**Provided records**
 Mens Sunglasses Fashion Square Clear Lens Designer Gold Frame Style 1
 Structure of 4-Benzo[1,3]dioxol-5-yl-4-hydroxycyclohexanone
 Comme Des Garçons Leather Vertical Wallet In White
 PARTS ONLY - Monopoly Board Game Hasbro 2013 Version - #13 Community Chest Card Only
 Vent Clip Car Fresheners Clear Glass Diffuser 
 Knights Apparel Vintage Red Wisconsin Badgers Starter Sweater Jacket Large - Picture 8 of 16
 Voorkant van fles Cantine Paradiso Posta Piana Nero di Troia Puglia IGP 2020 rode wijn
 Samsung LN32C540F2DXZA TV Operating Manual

--

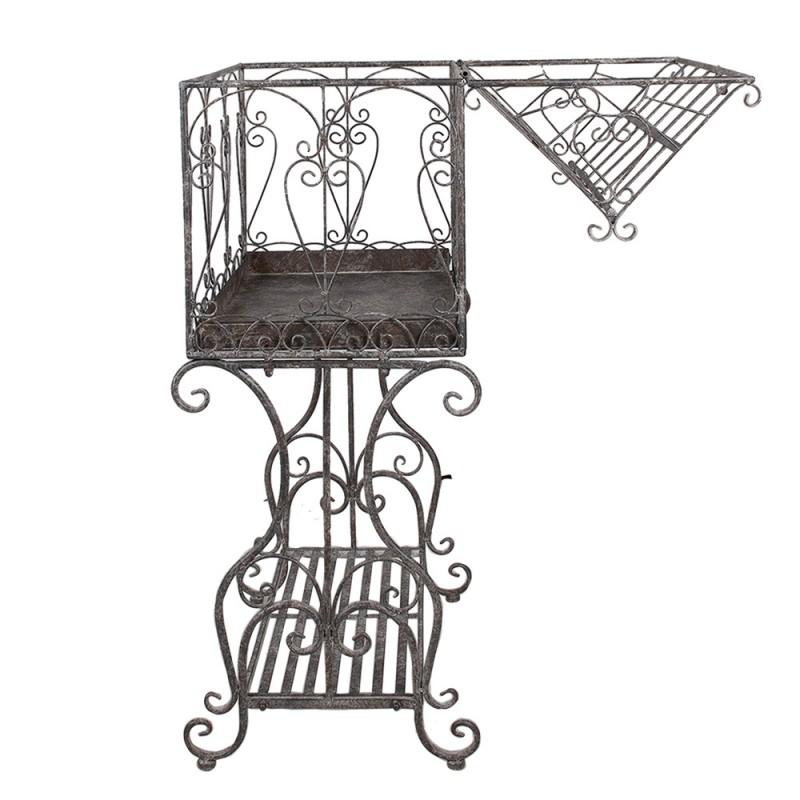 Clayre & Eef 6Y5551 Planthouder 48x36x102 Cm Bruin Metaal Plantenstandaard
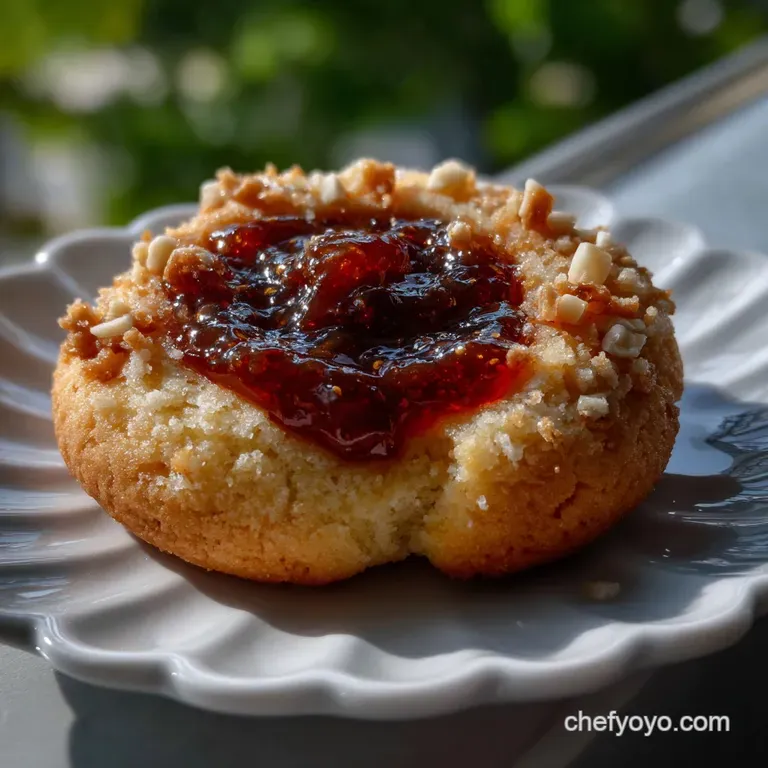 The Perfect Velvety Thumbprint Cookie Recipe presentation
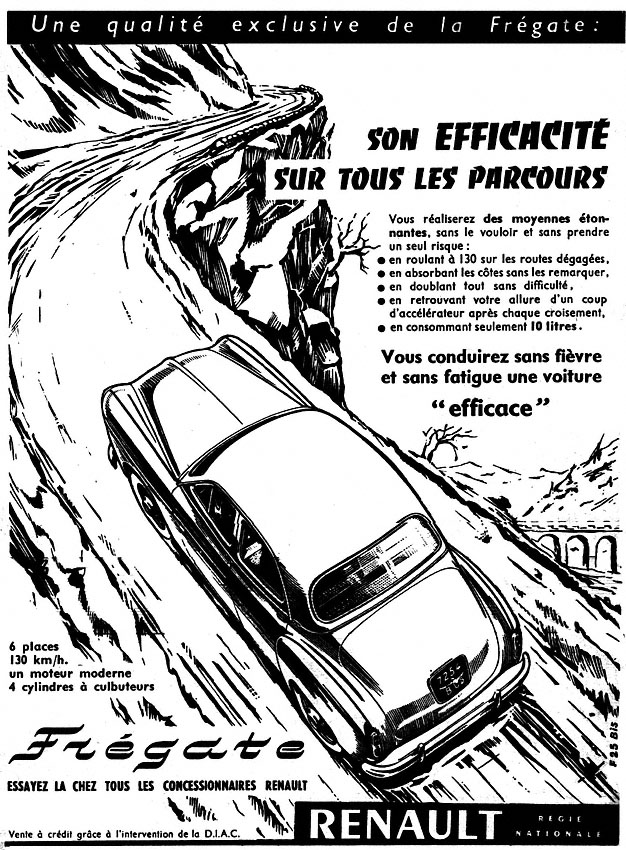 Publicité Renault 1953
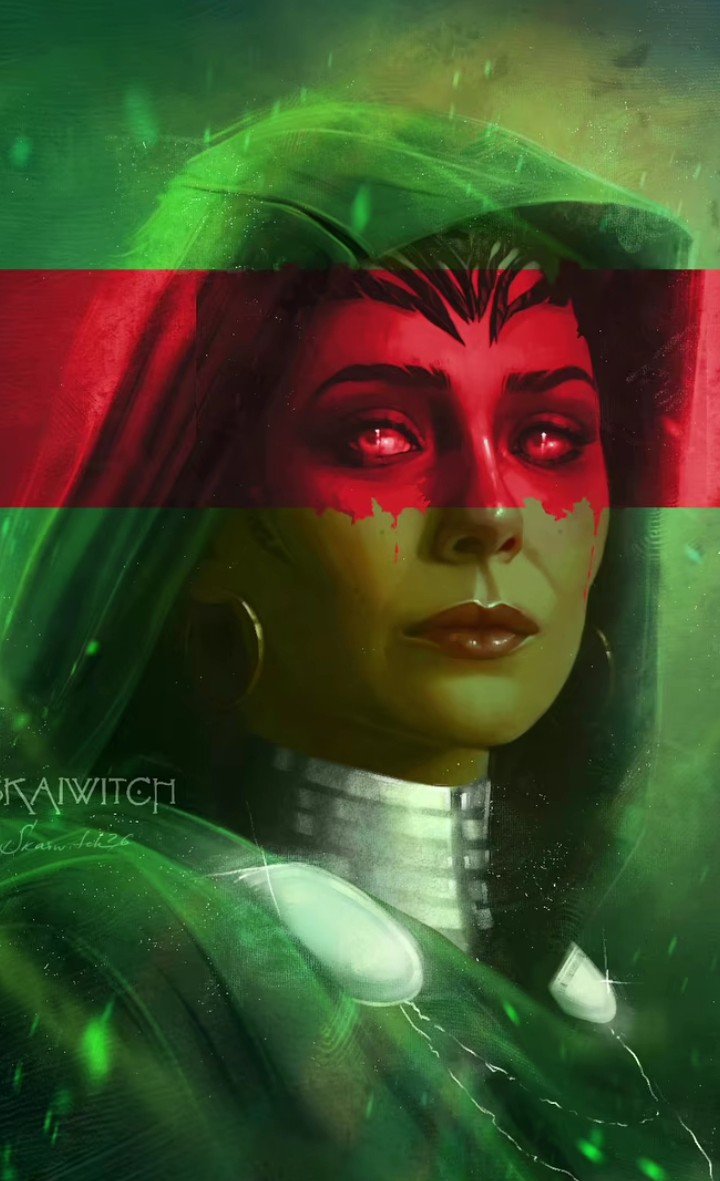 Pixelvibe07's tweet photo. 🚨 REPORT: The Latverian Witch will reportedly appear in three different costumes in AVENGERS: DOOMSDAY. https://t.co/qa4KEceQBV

**Exercise directions**
I'd like the lines above from the one with "Mens Sunglasses Fashion" up to and including the one with "Samsung LN32C540F2DXZA TV Operating Manual" copied exactly, with no other lines.

**Exercise response**
 Mens Sunglasses Fashion Square Clear Lens Designer Gold Frame Style 1
 Structure of 4-Benzo[1,3]dioxol-5-yl-4-hydroxycyclohexanone
 Comme Des Garçons Leather Vertical Wallet In White
 PARTS ONLY - Monopoly Board Game Hasbro 2013 Version - #13 Community Chest Card Only
 Vent Clip Car Fresheners Clear Glass Diffuser 
 Knights Apparel Vintage Red Wisconsin Badgers Starter Sweater Jacket Large - Picture 8 of 16
 Voorkant van fles Cantine Paradiso Posta Piana Nero di Troia Puglia IGP 2020 rode wijn
 Samsung LN32C540F2DXZA TV Operating Manual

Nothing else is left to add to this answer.